Afin d’éprouver mon hypothèse, j’étudierai un cas concret : l’œuvre d’Alphonse DUPRONT.
Dans les travaux de DUPRONT, l’image ne constitue pas la problématique mais est un matériau privilégié. C’est elle qui sert, au mieux, le dessein historien, en l’occurrence l’anthropologie historique d’une expérience de religion, expérience inscrite au cœur du vécu social.
Une déconstruction du texte dupronien révèle que l’image est convoquée, systématiquement, pour mesurer le temps long des phénomènes, leur origine, leur devenir, leur disparition, leur maintien sous l’une ou l’autre forme, de l’une ou l’autre manière. L’image révèle donc efficacement le vécu collectif que vise DUPRONT.
Selon sa perspective, le passé ne peut être réduit à la succession linéaire des causes et des effets ; il faut considérer le temps long, transcendant les siècles, au cours duquel les phénomènes surviennent, se terrent et rejaillissent. (Cette conception originale de la longue durée a déjà été remarquée.

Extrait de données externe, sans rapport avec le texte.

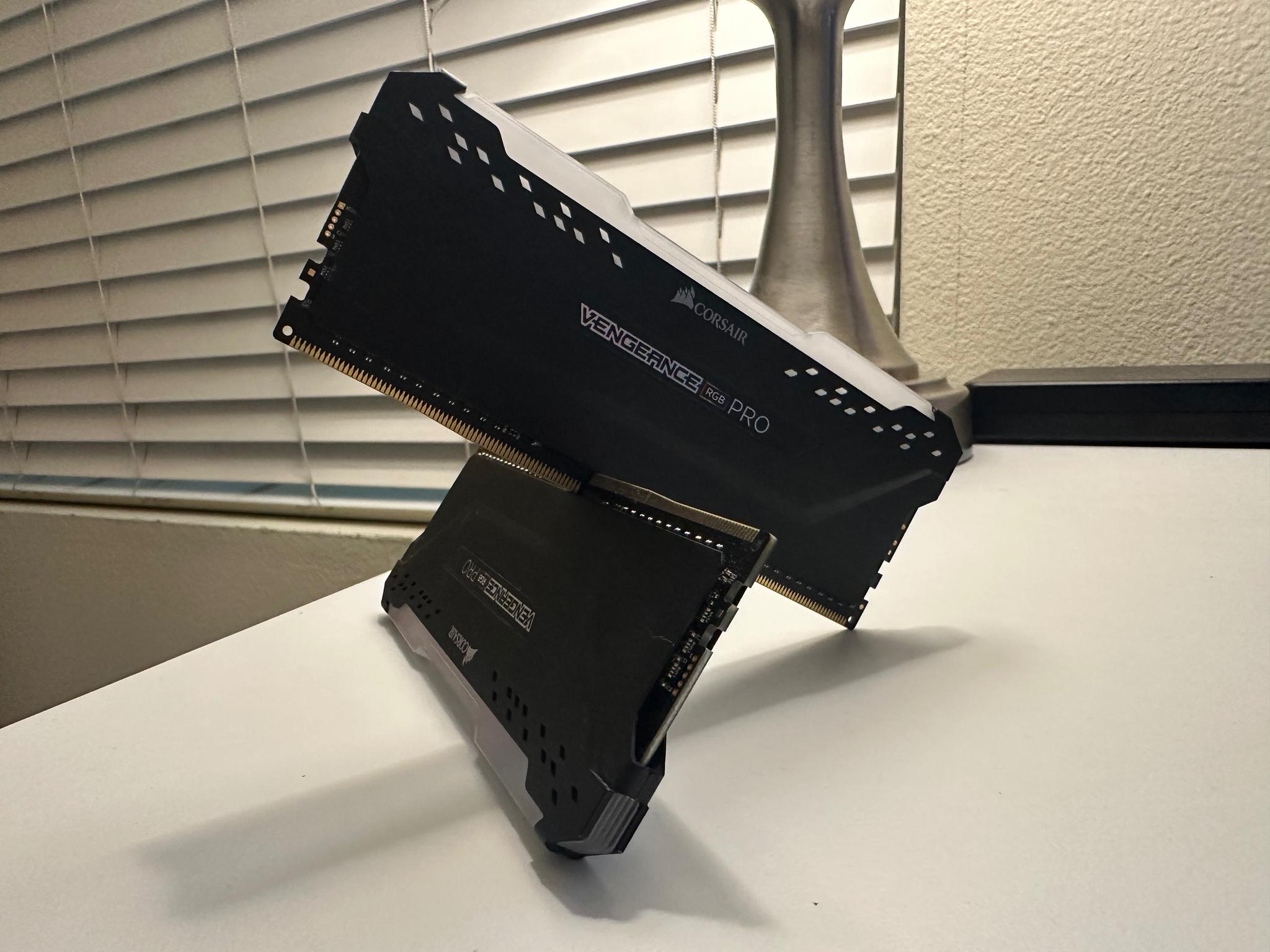 Corsair Vengeance RGB Pro 16 GB DDR4 3000 Mhz (OOW)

Cf. surtout HERMAN DE FRANCESCHI, « L’irruption de l’événement dans le temps de l’Histoire. Rythmique événementielle et longue durée selon Alphonse Dupront (1905-1990) », Revue historique, 659 (juillet 2011), p. 611-636.) DUPRONT entend donc montrer le travail du « temps survivant ».
Pour ce faire, DUPRONT préconise une démarche originale : une « induction explorante ». À une perspective particulière correspond une méthode particulière qui passe par une approche tout aussi singulière du document. En effet, l’historien examine un « matériau objectif » où s’entremêlent Passé et Présent. Parmi les sources, c’est l’image qui, dans la démonstration de DUPRONT, révèle le plus parfaitement la longue durée des événements.

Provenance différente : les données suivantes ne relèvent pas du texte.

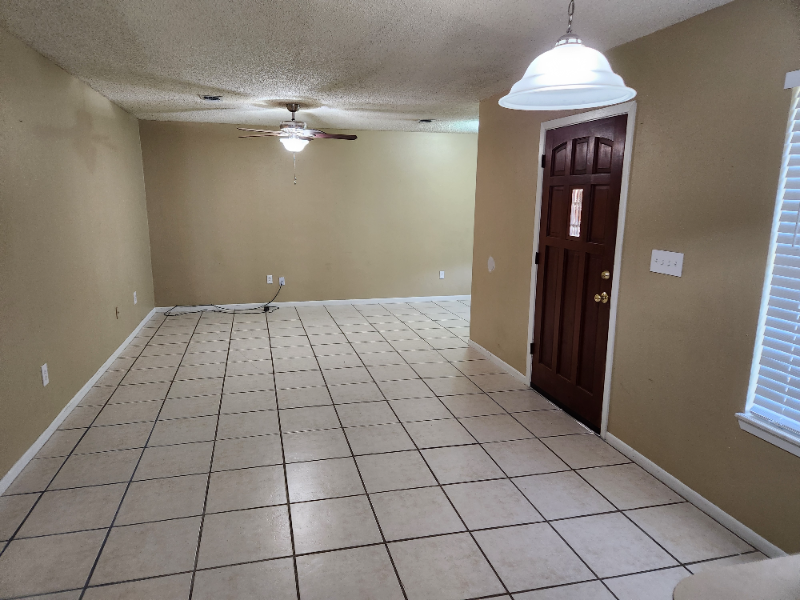 212 W. Co. Rd. - Photo 2 of 10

Ainsi, sont étroitement intriquées les catégories du temps (DUPRONT, on l’a vu, développe une conception particulière de la longue durée) et de l’image (matériau ad hoc pour réaliser le projet de l’historien). Il me semble que cette intrication des catégories vient de ce que la définition du temps (longue durée), ici, engendre une conception de l’événement (c’est-à-dire du vécu qu’étudie l’historien) s’accordant à une certaine définition de l’image (l’image entendue comme agrégat d’hétérogènes et, par-là, possédant un potentiel d’actualisation) ; dès lors, événement et image partagent une même propriété, celle d’être actualisables.
Cette contiguïté catégorielle fonde le modèle heuristique dupronien. En cela, sans être l’objet de l’enquête, l’image occupe une place prépondérante. Elle est un embrayeur du savoir ; elle offre un modèle d’intelligibilité.